**Problem requirements:**
Leave the images out and write out each entry exactly as shown.

─── Given data ───

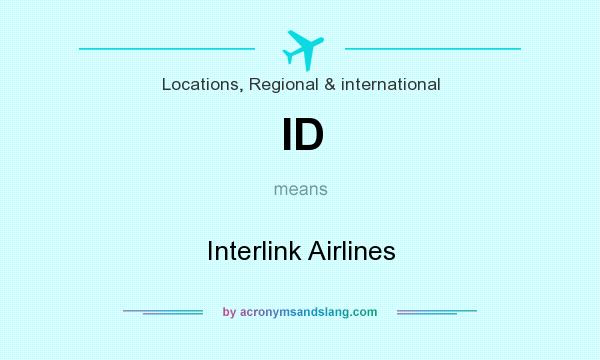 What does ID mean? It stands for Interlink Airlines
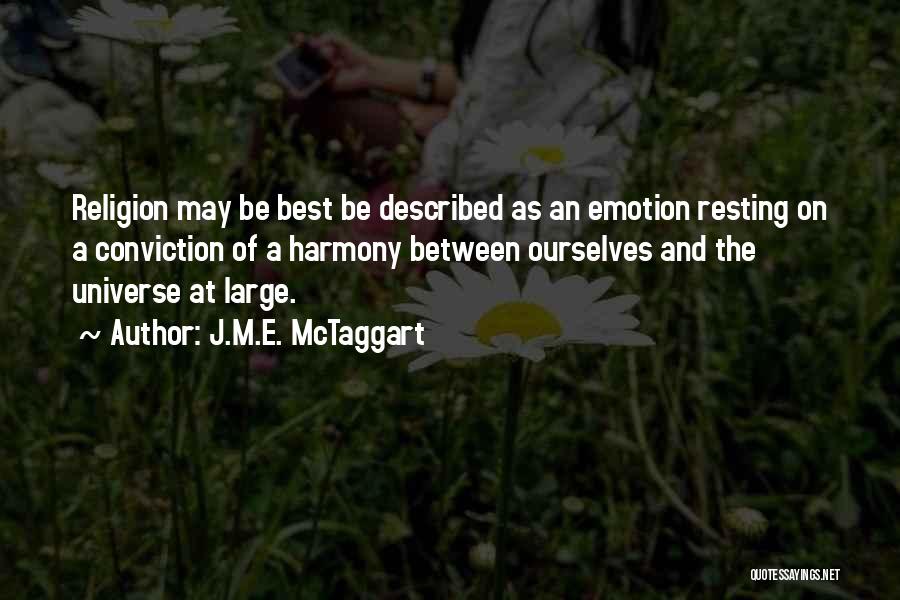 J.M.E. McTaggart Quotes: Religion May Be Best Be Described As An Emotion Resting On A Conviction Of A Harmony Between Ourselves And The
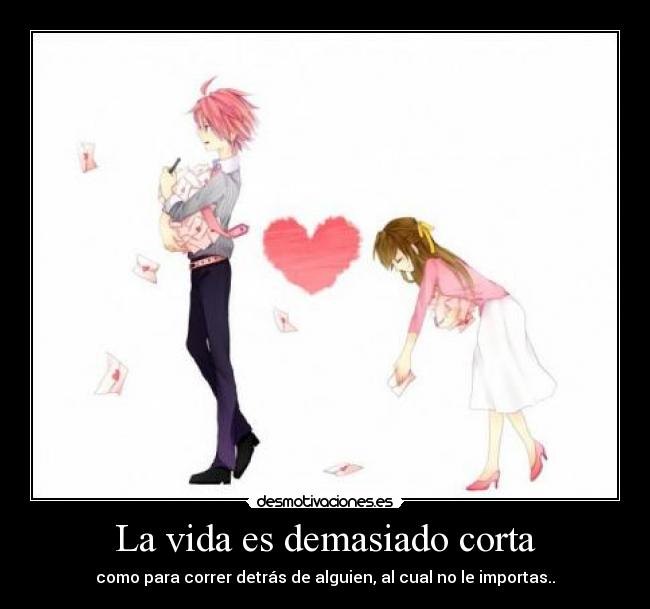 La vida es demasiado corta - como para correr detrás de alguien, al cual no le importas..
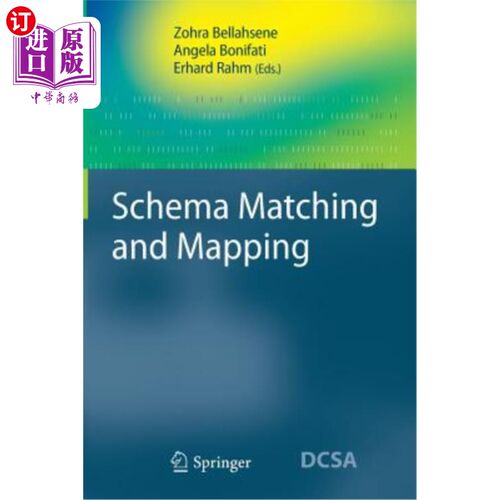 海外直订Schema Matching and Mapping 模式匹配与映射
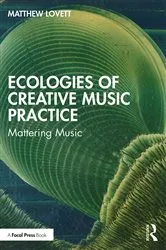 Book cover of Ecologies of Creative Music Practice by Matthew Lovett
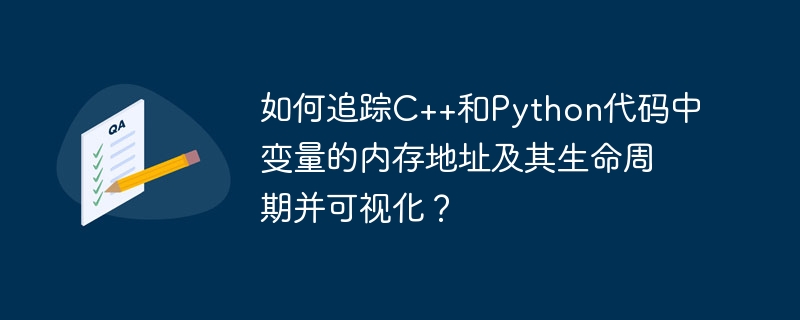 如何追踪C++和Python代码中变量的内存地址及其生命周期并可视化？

───

**Reply:**
 What does ID mean? It stands for Interlink Airlines
 J.M.E. McTaggart Quotes: Religion May Be Best Be Described As An Emotion Resting On A Conviction Of A Harmony Between Ourselves And The
 La vida es demasiado corta - como para correr detrás de alguien, al cual no le importas..
 海外直订Schema Matching and Mapping 模式匹配与映射
 Book cover of Ecologies of Creative Music Practice by Matthew Lovett
 如何追踪C++和Python代码中变量的内存地址及其生命周期并可视化？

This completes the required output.